Yesterday we had Fuel, and I will tell you that even though I pretend to not care if everything is perfect, I really want it to be. I volunteered to do the words for worship, I am willing but not always able. I stink at it, ok, I do, but I try. And I don't think anyone will die if I screw it up, so it's ok.
The computer is usually turned on, and I think the kids think I don't know how to use Powerpoint, so they always set it up for me. I let them, it's ok, little do they know I have spoken in front of Exec Vice Presidents at Ford, and Presidents at my own corporation, but it's ok. Yesterday, I thought that someone else had set up the computer (I know how to do that Powerpoint part but that's it). We started worship - AH- Adam - we got no words, the computer isn't set up, and I am FREAKING!!! Fuel is not supposed to be stressful. So then Adam (the great) fixes that part, I get the words all up. It all works out. I am going to learn how to do that from now on, that way that never happens again though. But I need to remember that those kids don't need the words to worship, they open their hearts no matter what for Him.

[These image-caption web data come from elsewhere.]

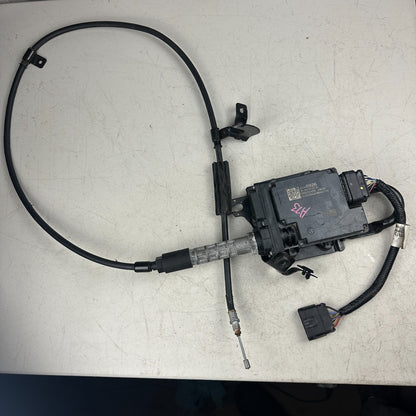 2014-2019 CHEVROLET CORVETTE C7 ELECTRONIC PARKING BRAKE CONTROL ACTUATOR OEM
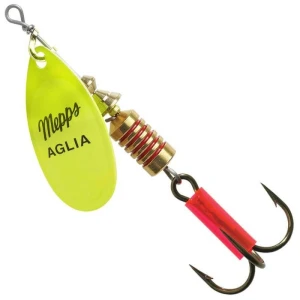 Mepps Aglia Fluo Olta Kaşığı FOSFOR-SARI NO:3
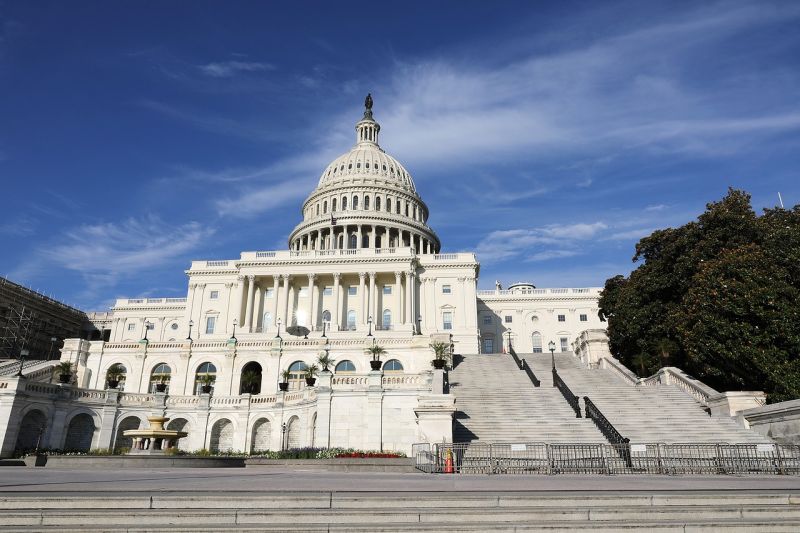 Az amerikai törvényhozásban "elvi megállapodást" kötöttek a kormány finanszírozásáról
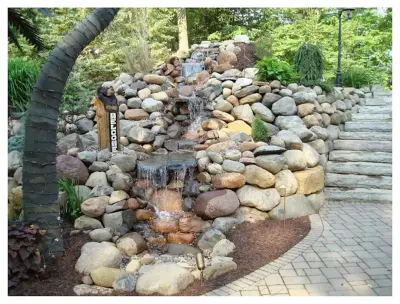 Pat Sabin Landscaping & Design - Patio Design & Installation in Hayward, WI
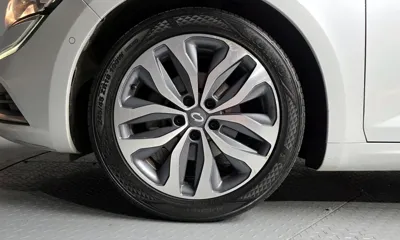 Renault-KoreaSamsung SM6 2016, 78647 км, за 5413.81 USD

I am supposed to have my new lifegroup over for dinner, where's my checkbook?? Ah, where is my check book?? I need to stop at Kroger on my way home, and I have no checkbook, that meant that I needed to go home, get the check book, go to Kroger, get pop and Spanish rice, get home, cook it up, etc. more stress. Yeah, but I got an email, given the weather, they don't want to drive. Whew, another crisis down. But you see, it's not about the spanish rice and the pop or my checkbook, we would be fine without any of those thing, I make it about me, not about Him.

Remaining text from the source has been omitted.